Michel Tsiba en Daria Danilova CC 2025
Eerst optimaal presteren, dan kijken naar de resultaten. | Foto: Pietures.nl

Bovendien kunnen ze leunen op een ervaringsdeskundige die ze voorziet van tips. “Ireen Wüst begeleidt ons vanuit NOC*NSF. Zij is een legende geweest op de langebaan. Hoewel het twee totaal verschillende disciplines zijn, is het omgaan met druk hetzelfde. Zij geeft mee dat de zenuwen die we voelen ons juist helpen.

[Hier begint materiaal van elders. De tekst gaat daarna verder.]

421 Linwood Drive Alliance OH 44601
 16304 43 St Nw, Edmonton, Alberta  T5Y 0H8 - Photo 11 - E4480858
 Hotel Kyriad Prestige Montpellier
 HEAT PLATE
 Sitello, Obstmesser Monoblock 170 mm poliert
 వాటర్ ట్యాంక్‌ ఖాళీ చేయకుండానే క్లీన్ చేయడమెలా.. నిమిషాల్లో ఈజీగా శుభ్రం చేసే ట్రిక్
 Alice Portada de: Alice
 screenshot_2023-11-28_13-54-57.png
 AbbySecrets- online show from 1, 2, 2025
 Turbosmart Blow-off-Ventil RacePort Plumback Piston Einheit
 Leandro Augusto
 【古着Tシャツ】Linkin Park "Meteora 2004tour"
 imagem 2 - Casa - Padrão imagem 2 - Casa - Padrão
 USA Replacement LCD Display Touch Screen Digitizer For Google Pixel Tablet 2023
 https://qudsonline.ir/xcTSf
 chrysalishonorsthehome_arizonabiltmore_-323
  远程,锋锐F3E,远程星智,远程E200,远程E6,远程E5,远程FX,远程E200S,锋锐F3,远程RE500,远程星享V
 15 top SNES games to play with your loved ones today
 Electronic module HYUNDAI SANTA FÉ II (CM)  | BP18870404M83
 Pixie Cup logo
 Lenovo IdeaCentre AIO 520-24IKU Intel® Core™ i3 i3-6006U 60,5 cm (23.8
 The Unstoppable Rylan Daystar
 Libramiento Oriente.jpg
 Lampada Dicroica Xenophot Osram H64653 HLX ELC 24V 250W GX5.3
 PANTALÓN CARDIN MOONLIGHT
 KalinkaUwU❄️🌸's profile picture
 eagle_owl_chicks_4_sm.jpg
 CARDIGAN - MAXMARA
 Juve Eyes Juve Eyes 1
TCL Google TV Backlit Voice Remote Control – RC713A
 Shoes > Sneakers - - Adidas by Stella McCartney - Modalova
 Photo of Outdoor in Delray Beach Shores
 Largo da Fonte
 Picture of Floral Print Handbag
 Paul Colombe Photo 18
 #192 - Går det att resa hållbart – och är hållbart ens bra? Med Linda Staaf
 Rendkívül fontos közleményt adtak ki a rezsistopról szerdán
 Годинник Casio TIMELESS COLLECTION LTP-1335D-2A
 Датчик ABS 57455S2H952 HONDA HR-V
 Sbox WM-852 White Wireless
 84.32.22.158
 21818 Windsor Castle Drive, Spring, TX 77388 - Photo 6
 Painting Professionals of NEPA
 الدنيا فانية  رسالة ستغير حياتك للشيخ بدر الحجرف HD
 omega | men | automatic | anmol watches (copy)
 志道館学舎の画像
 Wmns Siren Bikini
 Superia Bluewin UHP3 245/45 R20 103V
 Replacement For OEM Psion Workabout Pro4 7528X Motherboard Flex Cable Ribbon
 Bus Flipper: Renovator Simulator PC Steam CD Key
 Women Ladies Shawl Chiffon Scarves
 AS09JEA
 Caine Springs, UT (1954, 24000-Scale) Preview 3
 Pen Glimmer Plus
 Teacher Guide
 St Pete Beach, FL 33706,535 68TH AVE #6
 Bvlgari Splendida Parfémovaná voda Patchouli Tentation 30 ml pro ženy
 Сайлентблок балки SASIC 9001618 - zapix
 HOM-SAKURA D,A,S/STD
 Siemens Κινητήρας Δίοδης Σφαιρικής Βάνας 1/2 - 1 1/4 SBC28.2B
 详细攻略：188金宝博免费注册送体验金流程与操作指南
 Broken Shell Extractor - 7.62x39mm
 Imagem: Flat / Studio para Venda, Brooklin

We hebben die extra adrenaline nodig om een topprestatie te leveren. Mocht die spanning er niet zijn, dan is er pas iets mis.”

Twee weken geleden stapten Daria Danilova en Michel Tsiba al in het vliegtuig naar de Verenigde Staten. Het gaf hen de tijd te herstellen van de jetlag en te wennen aan het formaat van de ijsbanen. Waar in Europa de ijsvloer 30 bij 60 meter is, hebben de Noord-Amerikaanse (ijshockey)banen een afmeting van 26 bij 61. “Het is even wennen dat de baan vier meter minder breed is”, vertelt Tsiba. “Vooral bij elementen die we vlakbij de boarding uitvoeren.”

Het is dan ook geen overbodige luxe om voor dit kwalificatiemoment extra vroeg af te reizen. “Dat hebben we nog niet eerder gedaan. Het toont hoe belangrijk het toernooi is. We zijn blij met de extra ondersteuning die we hiervoor hebben ontvangen. Aan de andere kant zouden we willen dat het net als voor verschillende andere teams ook bij ons de norm zou zijn. Dan kunnen we ons maximaal voorbereiden op zulke wedstrijden en ons echt meten met de top.”

Danilova gaf via Instagram een inkijkje in een trainingsdag in Amerika.

Tsiba haalt vertrouwen uit de trainingen op Amerikaanse bodem. “Het voelt als een soort supercompensatie. Onze küren gaan makkelijker, we hoeven minder na te denken en de kwaliteit van de elementen wordt steeds beter. We zitten er lekker in. Dit is waar we de hele zomer voor getraind hebben. We zijn blij dat het nu eindelijk gaat beginnen.”

Woensdagavond om 23:45 uur begint de korte kür, waar de Nederlanders bij de eerste twintig moeten eindigen om donderdagavond vanaf 23:15 uur hun vrije kür te mogen rijden.